Eventually the child develops disrespect for authority.
This is just a really bad analogy. It doesn't addresses that there are multiple sources, the incentives to be telling us about it, and the spectrum between disaster-mitigation heroes and snake-oil salesmen.
Did you compare AI companies to parents and engineers actually delivering value to toddlers? AI companies cannot, in any capacity, be regarded as caretakers.
Don’t take it personally but this amount of fear and paranoia about death on every corner sounds like a mental illness to me. Generalised Anxiety disorder to be precise. Maybe I am just not a parent.
In any case there are substances and realiable methods that fix whatever paralyzing existential dread anyone struggles with daily.
Probably best to use conventional route but I personally use special low thc, high cbg weed once a week with a medical grade vaporizer and once a year (early autumn) a moderate dose of golden teacher mushrooms. Although I understand that most people perhaps couldn’t due to not managing their own business but on a strict employment contract with urine tests.
Are you suggesting these researchers somehow have wisdom and aren’t just guessing, and that everyone else are children too naive to understand the technology? It certainly sounds that way from the description you are attempting to apply.
This is two parents disagreeing on whether their child will automatically grow up to be a psychopath with one parent constantly remarking “if you teach that child how to cut bread, they will stab everyone later.

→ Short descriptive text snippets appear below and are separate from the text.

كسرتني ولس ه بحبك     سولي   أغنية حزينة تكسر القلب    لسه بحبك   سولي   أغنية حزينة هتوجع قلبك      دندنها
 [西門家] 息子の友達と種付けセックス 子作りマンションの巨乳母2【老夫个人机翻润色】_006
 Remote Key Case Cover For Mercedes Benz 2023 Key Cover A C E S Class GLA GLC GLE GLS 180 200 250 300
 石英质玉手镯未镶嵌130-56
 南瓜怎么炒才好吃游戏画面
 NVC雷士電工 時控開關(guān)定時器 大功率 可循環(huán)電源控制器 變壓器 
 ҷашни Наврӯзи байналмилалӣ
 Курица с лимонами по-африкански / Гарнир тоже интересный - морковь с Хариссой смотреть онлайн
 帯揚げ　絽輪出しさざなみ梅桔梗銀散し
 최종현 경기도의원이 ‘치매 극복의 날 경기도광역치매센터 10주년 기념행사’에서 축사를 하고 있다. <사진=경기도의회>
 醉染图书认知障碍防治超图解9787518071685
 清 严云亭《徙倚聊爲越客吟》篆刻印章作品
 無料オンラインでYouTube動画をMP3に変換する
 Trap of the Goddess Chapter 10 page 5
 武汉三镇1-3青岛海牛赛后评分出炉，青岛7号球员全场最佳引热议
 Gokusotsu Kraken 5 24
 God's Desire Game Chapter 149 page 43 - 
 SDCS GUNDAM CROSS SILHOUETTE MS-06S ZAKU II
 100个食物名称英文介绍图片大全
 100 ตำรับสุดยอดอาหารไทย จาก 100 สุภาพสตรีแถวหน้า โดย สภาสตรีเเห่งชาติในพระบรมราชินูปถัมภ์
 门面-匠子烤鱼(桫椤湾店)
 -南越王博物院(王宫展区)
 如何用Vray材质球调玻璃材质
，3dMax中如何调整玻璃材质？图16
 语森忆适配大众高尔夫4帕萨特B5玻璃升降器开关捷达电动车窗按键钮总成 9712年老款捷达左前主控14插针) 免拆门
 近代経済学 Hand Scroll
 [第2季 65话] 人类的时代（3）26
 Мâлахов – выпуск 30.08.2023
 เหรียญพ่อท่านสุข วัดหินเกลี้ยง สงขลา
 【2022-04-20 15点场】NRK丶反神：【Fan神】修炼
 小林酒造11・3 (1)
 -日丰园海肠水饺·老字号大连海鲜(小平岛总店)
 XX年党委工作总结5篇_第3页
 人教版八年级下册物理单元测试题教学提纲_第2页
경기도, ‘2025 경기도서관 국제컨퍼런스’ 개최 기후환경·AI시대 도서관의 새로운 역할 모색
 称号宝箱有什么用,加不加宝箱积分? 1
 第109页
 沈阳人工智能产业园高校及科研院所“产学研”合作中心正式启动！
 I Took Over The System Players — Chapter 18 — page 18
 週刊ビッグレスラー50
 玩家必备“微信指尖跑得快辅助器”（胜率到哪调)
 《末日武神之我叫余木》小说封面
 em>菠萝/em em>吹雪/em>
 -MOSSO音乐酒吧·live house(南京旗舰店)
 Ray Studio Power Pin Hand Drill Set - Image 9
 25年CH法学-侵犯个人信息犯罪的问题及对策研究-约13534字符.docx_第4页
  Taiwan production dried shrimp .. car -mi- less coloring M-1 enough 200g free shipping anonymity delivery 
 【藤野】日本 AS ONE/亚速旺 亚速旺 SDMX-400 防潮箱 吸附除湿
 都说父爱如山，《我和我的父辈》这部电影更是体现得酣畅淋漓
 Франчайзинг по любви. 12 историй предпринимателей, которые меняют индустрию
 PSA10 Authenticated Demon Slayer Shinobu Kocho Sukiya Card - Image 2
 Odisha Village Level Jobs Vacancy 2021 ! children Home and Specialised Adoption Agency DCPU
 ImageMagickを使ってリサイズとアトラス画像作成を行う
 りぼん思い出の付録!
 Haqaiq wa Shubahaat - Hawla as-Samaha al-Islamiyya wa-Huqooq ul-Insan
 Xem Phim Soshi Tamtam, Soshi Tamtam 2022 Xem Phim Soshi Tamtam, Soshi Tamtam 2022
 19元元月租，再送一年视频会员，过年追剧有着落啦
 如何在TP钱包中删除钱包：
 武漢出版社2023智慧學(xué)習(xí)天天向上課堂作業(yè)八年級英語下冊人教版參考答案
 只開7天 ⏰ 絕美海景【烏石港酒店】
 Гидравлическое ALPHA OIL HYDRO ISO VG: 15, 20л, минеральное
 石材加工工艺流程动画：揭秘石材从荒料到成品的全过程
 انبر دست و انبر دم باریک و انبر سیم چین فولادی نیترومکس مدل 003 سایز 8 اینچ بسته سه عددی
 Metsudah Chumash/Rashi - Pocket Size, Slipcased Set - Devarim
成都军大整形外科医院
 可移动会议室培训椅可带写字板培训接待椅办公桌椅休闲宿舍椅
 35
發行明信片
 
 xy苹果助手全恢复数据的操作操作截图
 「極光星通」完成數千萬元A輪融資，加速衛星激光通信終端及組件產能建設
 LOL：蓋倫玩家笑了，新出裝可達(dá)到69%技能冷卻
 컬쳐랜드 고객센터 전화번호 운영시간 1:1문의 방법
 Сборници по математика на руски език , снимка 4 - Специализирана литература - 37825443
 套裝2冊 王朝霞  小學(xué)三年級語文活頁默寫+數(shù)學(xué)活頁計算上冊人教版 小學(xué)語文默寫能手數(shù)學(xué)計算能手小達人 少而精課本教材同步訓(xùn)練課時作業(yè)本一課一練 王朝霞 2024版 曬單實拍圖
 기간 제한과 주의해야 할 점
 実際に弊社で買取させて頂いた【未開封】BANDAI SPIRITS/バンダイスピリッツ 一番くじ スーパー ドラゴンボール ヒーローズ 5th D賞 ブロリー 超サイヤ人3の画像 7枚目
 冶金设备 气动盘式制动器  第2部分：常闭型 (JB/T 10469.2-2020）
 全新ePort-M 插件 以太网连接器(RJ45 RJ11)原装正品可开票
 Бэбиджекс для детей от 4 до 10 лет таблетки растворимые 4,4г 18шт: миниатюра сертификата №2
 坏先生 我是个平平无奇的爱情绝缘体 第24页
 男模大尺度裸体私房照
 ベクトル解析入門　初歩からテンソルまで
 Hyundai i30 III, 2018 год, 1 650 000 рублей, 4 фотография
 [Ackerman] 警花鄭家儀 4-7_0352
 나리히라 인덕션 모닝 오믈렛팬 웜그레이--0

If you teach that child to drive, they will run over everyone later”, not the “parents know better” situation you describe.
This is literally one the most infantilizing and simultaneously insulting analogies I've ever come across on this site. Do you really think consumers of the latest AI tools have no ability to forecast? The parents in this analogy have every incentive to lie
It's much the dynamic between parents and a child. The child, with limited hindsight, almost zero insight and no ability to forecast, is annoyed by their parents. Nothing bad ever happens! Why won't parents stop being so worried all the time and make a fuss over nothing?
The parents, which the child somewhat starts to realize but not fully, have no clue what they are doing. There is a lot they don't know and are going to be wrong about, because it's all new to them. But, what they do have is a visceral idea of how bad things could be and that's something they have to talk to their child about too.
In the eyes of the parents the child is % dead all the time. Assigning the wrong % makes you look like an idiot and not being able to handle any % too. In the eyes of the child actions leading to death are not even a concept. Hitting the right balance is probably hard, but not for the reasons the child thinks.